Die EU-Staaten wollen heute in Luxemburg klären, ob es grünes Licht für eines der wichtigsten Verhandlungsvorhaben der letzten Jahren  geben: eine geplante Freihandelszone zwischen Europa und den USA. Wenn es weniger Zölle und anderen Beschränkungen quer über den Atlantik gibt, könnte die Wirtschaft wachsen und es würden Arbeitsplätze geschaffen. Ein Streit mit Frankreich droht das Projekt jedoch zum Scheitern zu bringen. Frankreich verlangt als Vorbedingung für den Start von Freihandelsverhandlungen, dass die Kultur ausgenommen wird.

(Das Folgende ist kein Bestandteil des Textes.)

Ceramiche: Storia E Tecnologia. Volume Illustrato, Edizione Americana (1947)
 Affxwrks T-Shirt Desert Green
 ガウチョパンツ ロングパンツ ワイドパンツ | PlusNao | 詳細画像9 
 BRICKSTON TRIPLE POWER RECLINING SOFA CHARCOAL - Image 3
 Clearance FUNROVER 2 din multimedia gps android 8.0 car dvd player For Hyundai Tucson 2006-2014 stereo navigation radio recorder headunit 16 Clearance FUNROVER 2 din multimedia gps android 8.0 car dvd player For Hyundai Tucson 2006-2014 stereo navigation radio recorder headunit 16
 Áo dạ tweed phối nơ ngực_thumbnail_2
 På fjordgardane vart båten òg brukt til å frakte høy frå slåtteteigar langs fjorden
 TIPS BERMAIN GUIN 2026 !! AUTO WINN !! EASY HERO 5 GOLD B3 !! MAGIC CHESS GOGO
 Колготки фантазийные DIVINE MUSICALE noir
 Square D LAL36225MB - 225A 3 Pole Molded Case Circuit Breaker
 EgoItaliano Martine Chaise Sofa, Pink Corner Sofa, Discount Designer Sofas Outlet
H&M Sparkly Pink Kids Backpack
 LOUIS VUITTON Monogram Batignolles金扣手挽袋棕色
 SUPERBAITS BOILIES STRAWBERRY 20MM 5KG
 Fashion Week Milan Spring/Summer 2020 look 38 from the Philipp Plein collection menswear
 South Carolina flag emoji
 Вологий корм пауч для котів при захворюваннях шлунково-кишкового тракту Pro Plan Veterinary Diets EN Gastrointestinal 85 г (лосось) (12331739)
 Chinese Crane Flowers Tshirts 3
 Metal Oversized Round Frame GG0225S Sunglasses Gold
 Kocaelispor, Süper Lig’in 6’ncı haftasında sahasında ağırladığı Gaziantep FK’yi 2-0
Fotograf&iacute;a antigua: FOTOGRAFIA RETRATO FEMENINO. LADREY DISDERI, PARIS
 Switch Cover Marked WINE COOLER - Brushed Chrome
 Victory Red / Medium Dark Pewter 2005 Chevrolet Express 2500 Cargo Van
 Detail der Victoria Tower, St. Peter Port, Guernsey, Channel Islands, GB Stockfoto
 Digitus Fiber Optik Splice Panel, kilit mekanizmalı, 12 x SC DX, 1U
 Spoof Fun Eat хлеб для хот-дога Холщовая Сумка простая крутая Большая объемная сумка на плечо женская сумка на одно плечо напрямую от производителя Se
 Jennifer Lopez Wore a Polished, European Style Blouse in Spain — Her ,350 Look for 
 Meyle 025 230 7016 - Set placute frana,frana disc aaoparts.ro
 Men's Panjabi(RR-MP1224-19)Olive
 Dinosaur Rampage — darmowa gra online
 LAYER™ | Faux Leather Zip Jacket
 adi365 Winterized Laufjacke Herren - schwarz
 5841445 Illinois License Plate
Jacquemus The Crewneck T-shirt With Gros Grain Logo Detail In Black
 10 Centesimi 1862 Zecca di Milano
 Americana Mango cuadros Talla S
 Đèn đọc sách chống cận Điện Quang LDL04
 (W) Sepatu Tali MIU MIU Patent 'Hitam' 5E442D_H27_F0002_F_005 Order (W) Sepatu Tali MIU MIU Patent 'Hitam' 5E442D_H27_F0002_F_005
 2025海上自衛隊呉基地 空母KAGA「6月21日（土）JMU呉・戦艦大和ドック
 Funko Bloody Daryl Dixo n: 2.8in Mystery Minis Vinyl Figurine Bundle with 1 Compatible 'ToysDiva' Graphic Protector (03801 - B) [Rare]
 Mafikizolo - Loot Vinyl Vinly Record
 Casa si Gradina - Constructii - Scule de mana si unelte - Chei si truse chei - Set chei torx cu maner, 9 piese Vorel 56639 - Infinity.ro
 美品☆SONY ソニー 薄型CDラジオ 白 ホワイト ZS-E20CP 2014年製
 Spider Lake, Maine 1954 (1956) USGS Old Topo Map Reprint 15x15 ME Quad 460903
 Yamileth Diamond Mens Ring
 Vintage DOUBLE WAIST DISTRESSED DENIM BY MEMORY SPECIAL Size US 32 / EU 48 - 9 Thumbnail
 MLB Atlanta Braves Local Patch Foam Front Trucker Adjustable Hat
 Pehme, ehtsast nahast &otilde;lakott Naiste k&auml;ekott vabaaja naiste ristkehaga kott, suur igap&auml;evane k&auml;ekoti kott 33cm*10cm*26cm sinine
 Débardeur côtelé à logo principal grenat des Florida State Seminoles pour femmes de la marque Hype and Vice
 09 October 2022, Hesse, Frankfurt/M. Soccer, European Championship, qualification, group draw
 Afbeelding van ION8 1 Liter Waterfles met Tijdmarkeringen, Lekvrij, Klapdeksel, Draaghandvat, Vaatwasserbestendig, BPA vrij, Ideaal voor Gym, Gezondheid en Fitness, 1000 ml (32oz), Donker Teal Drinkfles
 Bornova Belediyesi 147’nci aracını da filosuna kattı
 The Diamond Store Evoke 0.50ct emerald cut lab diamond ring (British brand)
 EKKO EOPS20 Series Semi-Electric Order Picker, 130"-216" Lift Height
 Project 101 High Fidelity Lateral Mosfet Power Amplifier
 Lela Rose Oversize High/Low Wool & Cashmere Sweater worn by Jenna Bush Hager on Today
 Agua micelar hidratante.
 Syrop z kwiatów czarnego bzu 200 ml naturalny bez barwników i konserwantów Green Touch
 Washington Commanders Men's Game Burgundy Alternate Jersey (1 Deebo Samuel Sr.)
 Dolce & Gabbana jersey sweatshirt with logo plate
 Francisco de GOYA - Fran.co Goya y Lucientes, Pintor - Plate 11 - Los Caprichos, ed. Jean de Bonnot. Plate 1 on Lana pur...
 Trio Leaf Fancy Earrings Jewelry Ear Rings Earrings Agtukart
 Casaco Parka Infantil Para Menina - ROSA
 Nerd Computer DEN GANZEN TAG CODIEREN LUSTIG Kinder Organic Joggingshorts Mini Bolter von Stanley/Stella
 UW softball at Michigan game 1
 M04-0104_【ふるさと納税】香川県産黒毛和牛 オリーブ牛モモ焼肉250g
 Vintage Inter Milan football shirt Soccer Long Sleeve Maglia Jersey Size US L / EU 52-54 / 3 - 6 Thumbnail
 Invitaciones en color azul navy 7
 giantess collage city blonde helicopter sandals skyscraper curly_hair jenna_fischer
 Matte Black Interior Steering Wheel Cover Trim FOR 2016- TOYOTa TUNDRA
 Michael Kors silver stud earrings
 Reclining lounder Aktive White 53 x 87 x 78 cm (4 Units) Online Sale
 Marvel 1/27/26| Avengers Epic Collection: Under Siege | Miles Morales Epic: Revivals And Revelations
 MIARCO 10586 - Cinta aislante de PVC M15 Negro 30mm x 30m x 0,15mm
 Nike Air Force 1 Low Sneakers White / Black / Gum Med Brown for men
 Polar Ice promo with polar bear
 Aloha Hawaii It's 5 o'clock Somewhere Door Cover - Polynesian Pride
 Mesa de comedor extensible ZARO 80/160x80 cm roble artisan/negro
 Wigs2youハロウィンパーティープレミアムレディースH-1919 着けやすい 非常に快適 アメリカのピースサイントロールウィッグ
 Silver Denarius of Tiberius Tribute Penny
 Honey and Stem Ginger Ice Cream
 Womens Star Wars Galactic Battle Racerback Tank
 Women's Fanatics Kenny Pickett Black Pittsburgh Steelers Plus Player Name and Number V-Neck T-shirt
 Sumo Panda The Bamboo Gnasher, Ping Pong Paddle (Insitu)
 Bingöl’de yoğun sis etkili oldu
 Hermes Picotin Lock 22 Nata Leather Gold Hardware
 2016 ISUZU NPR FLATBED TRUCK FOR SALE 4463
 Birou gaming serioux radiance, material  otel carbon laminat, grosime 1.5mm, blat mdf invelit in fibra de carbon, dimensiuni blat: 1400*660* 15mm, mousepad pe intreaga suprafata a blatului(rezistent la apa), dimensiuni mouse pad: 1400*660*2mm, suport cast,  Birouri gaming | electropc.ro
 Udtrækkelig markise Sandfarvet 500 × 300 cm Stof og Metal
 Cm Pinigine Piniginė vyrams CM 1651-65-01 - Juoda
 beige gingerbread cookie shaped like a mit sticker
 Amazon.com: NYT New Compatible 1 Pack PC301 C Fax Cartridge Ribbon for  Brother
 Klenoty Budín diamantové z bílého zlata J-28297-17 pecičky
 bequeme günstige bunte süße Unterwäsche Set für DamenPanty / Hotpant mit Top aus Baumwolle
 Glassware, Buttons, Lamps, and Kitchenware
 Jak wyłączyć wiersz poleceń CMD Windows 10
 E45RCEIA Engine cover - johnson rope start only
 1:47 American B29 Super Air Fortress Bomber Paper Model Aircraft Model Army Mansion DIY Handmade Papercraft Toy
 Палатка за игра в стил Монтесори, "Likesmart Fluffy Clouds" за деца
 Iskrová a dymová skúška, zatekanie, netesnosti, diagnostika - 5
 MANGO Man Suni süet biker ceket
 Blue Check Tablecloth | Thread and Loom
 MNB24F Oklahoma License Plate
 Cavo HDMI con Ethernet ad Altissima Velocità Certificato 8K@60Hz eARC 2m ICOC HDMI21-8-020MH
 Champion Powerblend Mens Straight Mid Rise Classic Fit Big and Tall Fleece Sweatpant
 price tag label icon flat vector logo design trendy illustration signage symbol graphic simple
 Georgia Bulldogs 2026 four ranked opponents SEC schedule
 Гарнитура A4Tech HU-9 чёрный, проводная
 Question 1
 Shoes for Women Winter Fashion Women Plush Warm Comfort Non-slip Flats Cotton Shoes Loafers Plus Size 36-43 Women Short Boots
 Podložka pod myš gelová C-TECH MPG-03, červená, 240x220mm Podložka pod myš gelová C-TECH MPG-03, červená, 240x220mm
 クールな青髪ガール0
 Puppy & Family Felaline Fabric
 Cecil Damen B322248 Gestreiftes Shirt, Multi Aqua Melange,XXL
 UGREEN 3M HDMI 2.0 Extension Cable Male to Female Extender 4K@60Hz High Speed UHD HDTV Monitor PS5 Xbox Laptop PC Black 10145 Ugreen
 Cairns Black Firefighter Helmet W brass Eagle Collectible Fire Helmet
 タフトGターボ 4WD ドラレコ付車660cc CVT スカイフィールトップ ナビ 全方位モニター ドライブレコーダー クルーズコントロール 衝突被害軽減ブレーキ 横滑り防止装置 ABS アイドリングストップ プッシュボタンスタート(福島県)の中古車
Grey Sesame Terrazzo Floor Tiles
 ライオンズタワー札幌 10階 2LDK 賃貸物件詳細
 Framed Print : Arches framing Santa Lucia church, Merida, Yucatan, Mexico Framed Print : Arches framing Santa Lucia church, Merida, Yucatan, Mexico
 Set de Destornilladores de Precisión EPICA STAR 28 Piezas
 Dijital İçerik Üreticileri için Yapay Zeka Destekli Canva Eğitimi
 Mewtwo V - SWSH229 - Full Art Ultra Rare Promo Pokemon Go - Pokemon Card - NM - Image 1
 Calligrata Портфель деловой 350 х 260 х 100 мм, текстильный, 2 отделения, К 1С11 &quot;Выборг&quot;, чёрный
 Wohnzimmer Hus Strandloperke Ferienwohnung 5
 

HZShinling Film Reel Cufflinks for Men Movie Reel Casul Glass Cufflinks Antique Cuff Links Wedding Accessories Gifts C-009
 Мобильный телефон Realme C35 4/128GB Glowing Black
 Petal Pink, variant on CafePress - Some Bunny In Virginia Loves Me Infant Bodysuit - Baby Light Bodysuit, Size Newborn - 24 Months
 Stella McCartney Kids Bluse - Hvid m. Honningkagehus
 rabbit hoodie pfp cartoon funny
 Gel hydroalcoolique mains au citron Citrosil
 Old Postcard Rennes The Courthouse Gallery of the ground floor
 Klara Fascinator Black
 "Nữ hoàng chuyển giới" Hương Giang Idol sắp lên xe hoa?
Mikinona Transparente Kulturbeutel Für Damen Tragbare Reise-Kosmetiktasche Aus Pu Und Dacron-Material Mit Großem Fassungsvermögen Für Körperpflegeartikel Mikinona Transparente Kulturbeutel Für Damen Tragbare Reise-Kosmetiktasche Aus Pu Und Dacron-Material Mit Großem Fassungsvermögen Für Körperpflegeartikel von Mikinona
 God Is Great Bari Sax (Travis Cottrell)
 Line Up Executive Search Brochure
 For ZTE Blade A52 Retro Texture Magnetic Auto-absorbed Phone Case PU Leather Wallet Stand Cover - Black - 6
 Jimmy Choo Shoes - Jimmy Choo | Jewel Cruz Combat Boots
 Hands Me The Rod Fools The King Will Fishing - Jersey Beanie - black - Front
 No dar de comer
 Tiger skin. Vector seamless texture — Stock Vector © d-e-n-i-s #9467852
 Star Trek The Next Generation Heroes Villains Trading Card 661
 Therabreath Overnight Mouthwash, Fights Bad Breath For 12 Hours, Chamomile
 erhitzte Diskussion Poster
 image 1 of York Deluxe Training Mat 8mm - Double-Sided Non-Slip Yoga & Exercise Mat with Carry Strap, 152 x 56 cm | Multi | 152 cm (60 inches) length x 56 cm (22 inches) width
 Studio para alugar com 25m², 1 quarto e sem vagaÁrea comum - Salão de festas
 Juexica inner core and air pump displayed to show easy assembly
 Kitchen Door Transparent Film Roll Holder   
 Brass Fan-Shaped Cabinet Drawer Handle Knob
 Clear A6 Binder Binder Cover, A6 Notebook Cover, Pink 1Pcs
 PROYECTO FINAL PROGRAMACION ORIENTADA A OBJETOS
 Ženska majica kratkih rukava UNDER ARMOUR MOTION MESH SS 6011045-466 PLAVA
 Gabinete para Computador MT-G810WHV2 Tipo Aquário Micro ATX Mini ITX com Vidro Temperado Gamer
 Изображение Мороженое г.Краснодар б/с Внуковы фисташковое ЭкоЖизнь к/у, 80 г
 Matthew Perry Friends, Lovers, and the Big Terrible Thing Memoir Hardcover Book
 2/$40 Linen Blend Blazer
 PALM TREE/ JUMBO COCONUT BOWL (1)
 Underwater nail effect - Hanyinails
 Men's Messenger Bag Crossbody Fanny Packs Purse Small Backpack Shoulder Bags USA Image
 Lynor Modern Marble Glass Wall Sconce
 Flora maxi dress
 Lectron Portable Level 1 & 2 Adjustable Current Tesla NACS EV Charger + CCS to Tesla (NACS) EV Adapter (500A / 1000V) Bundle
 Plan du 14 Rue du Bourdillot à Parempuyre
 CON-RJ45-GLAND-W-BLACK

Mit mehr als 800 Millionen Konsumenten und Produzenten wären Europa und Amerika gemeinsam der potenteste Wirtschaftsfaktor des Globus.  Wenn es die beiden Wirtschaftsriesen, mit ihren tausenden Lobbys und Einzelinteressen schaffen, Zölle abzuschaffen und technische Standards zu vereinheitlichen, dann wäre das ein Modell für die ganze Welt.

Wo der Politikwissenschaftler Janis Emanouilidis den größten Gewinn für die Europäer erwartet?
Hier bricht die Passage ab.